For this exercise, repeat exactly the lines below starting at the line holding "EXEDY HCK1007 CLUTCH KIT" and ending at the line holding "2378 Maudey Bell CT, El Cajon, CA 92019", both included, with no extra lines and no pictures.

▸ **Dataset content**:
___

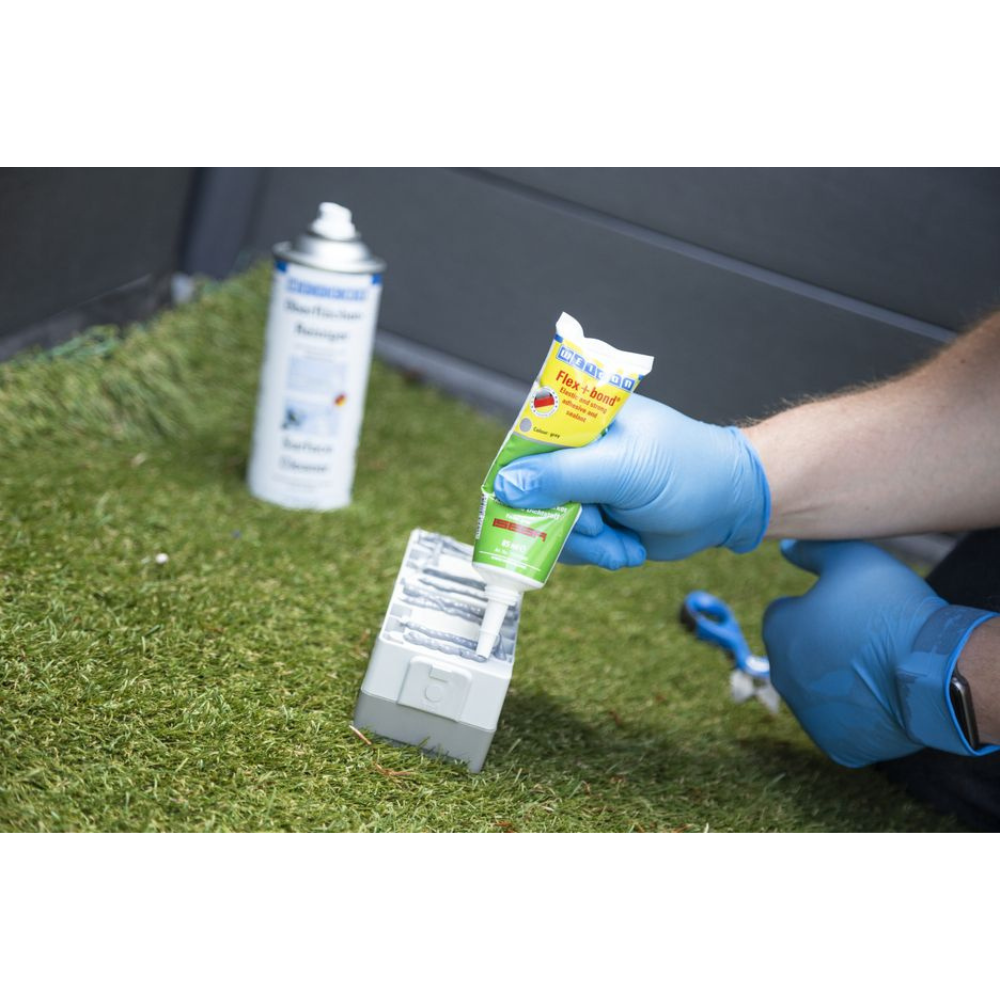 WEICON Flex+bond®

___

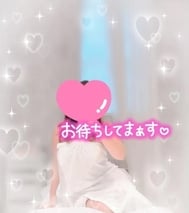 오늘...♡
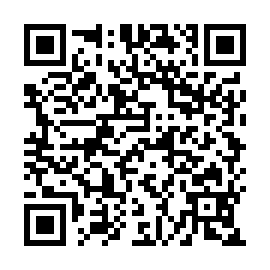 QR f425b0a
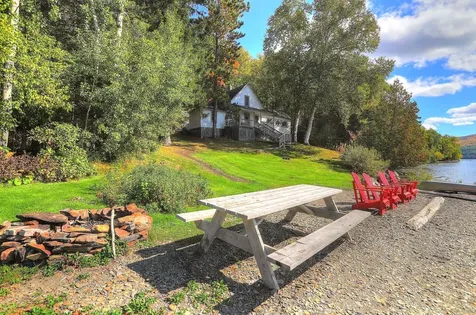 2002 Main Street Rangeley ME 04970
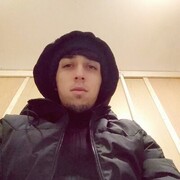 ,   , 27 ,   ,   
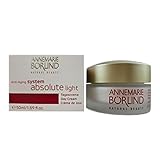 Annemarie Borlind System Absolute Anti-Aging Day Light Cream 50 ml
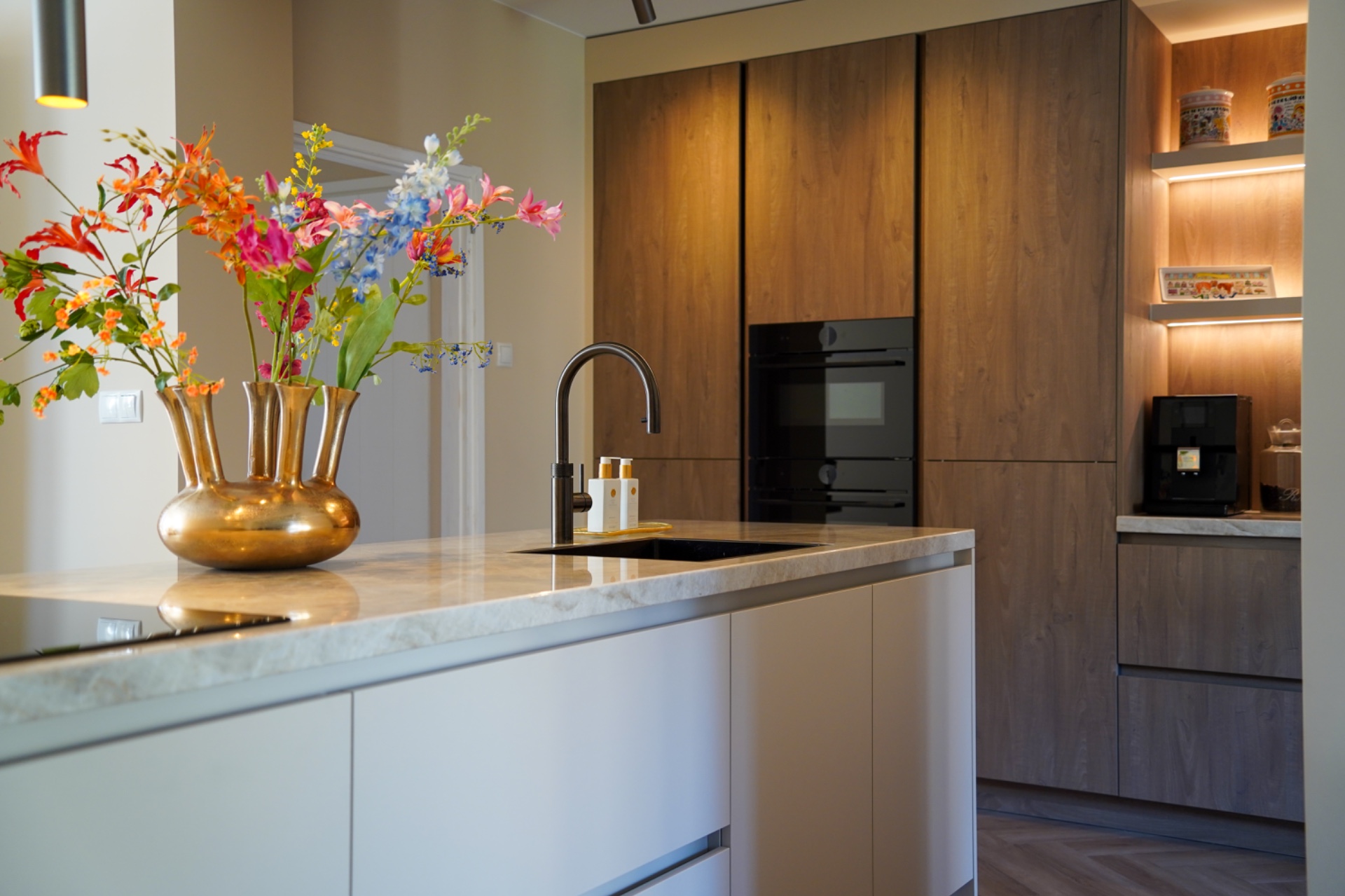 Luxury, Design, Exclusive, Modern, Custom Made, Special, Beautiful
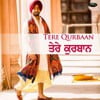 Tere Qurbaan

___

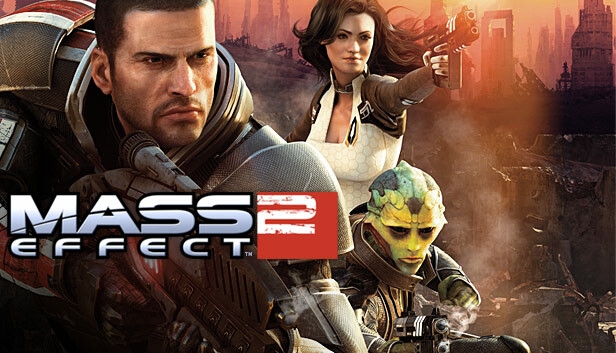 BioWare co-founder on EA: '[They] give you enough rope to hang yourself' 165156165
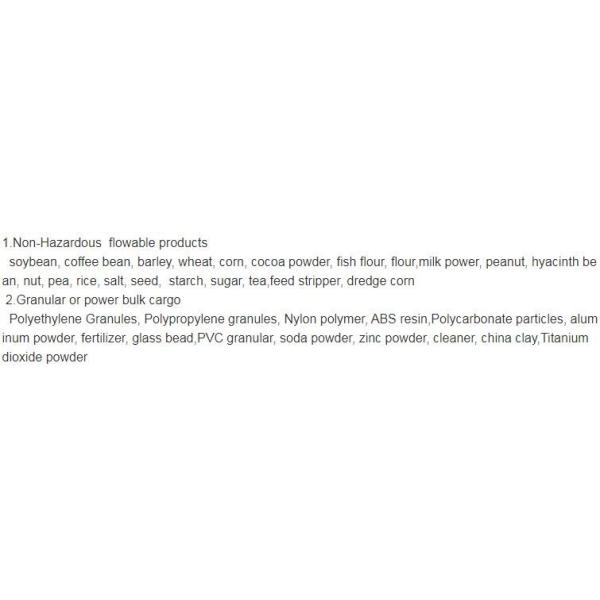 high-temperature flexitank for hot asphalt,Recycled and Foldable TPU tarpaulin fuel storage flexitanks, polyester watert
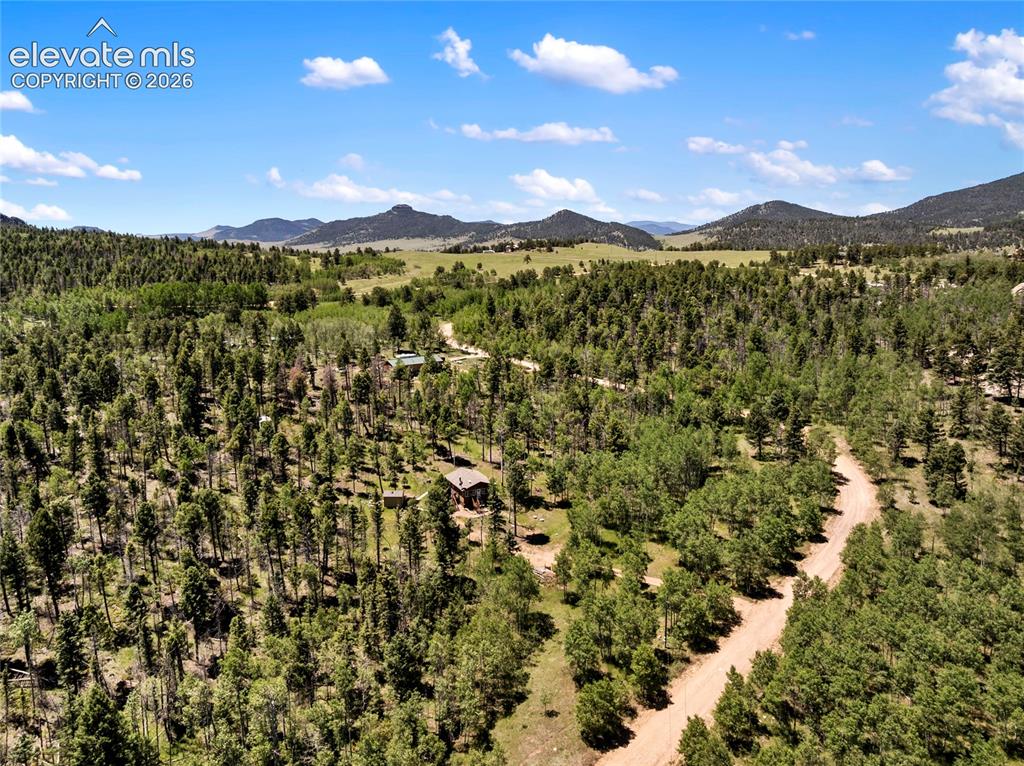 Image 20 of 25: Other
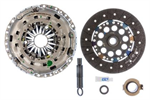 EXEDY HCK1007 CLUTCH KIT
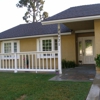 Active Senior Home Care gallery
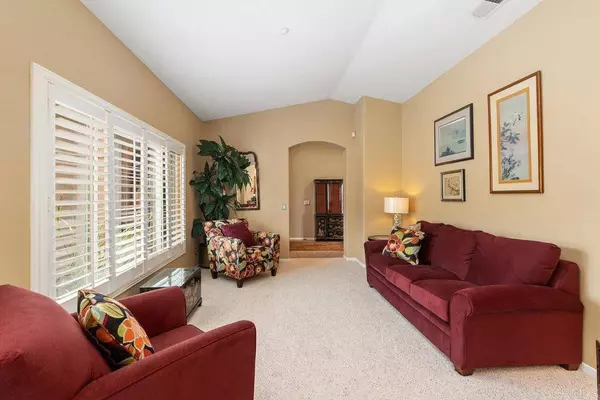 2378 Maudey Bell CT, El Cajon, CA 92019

___

▸ **Task answer**:
 EXEDY HCK1007 CLUTCH KIT
 Active Senior Home Care gallery
 2378 Maudey Bell CT, El Cajon, CA 92019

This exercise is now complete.